I am using the FilteredSourceControl block to prevent an endless loop of 
building, that's not the problem. The problem is that I can't create a tag with 
the changed version related files.

John

________________________________
From: [email protected] [mailto:[email protected]] On 
Behalf Of Sam Calder
Sent: Monday, March 16, 2009 7:38 PM
To: [email protected]
Subject: [ccnet-user] Re: CVS to SVN conversion problem

Some people modify their AssemblyInfo files, don't check them in, and do the 
build - and live with the fact that the tagged AssemblyInfo files are 
technically not correct. Presumably if you ever need to build from the tag, 
you'll know to manually update your AssemblyInfos to match, or set up a 
separate "build from tag" script to use the tag name in the files. Or just use 
the binaries you built the first time, which of course you backed up somewhere 
safe  ;-)

Alternatively you can use a FilteredSourceControl block (see the documentation 
for that block for an example that includes AssemblyInfo files). Disadvantage 
here is that if you check in the modified files it'll increment the change 
number in SVN, so only every second change list will get built (you may not 
care if your versioning scheme does not include the change number though).

Cheers,

 - Sam.

On Mon, Mar 16, 2009 at 7:02 PM, johnbigley 
<[email protected]<mailto:[email protected]>> wrote:

I am converting a Cruise Control .NET project that uses CVS to one
which uses SVN and I am running into a big problem.

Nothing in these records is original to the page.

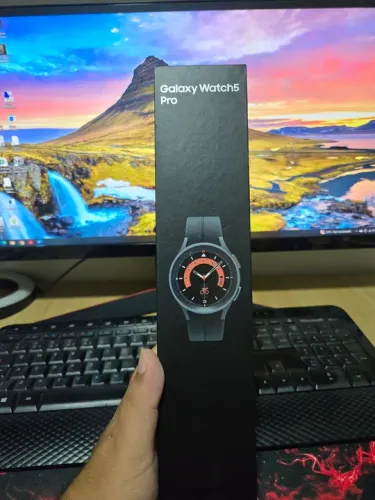 Samsung Galaxy Watch 5 PRO 45mm NA GARANTIA aceito troca passo cartão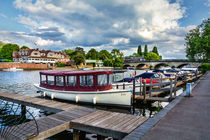Moorings at Henley on Thames by Ian Lewis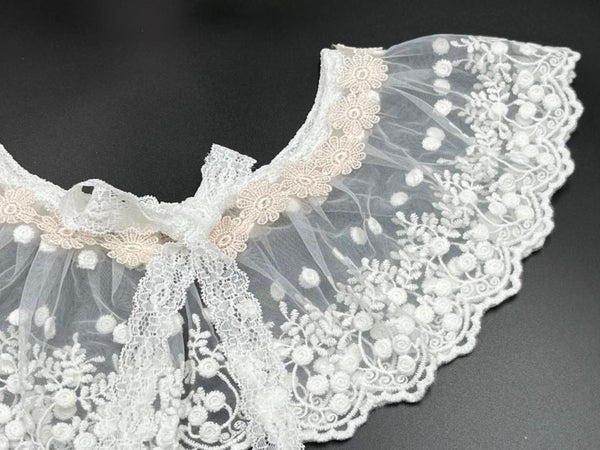 45cm, 52cm / Off White / Elegant Lace Fake Collar, False Collar, Removable Collar   B653(W)-small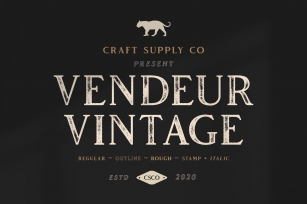 Vendeur Vintage Font Family + Extras Font Download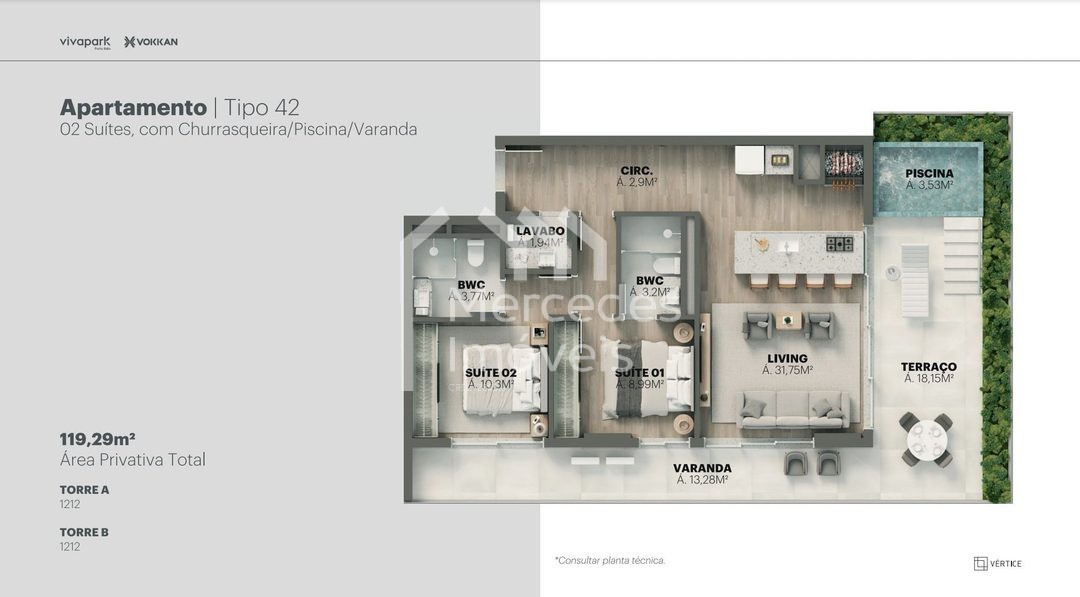 Foto 93 de Sala comercial à venda · Viva Park, Porto Belo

The current
project updates the AssemblyInfo.cs and other version related files
with a version based on the label, commits these files, uses msbuild
to build the assemblies and executables, and labels/tags the source
that went into that build. This all works fine in CVS, but not SVN.
The problem I am running into with SVN is that if I change these files
and check them in before it runs update, it apparently knows the SVN
revision of the code when it started and does an update specific to
that revision. This revision does not include the version changes that
were made.

If I change the configuration to make the changes and do the commit
after the update, then it solves that problem, but when the tag/copy
is done it uses a specific revision that does not include these
changes. If I change the logic to not commit these changes then the
build picks up the correct version but the tag/copy does not include
the version changes. If I move the commit to the very end I get the
same problem; the wrong version files are in the tag.

Does anyone have a good solution to this?